In moments like this, with the sunrise a mere line of red along the horizon, I love the new me who stands at the tall windows of our third-story apartment and looks down at the 40-foot tall blue spruce tree in among the maples and crabapple trees.
The blue spruce is mature. And so am I at eighty years of age. That is why my husband, Tom, and I have chosen to move from our two-story house to a lovely apartment in what the elder industry calls an “independent living retirement community.”

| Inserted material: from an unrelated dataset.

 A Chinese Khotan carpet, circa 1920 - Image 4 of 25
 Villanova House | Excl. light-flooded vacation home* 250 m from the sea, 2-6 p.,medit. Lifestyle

But at other moments, I feel as if the real me still lives in my house, and if I just blink a few times, I will see my familiar backyard with the crabapple tree there, the peonies and hydrangeas, and the shady patio with its potted geraniums and curvy patio furniture. I will hear the squirrel chattering as he leaps from tree to tree along the back fence line.
Instead, I blink and see my borrowed walking cane waiting in the corner. The burbling I hear is the automatic coffee pot finishing its morning task and then there is Tom at the bedroom door with the strong coffee he has poured for us.
“We woke up,” I say to him.
We smile at each other, happy with our old people joke. We tell our morning fibs.
“I feel good,” I say.
“So do I,” he replies and rubs his sleepy eyes. And then he asks, “Do you want a cookie with your coffee?”
“Yes, I do. “ I tell the truth this time.
It’s good to start the day with something strong and sweet. Especially when you’re 8o-years-old.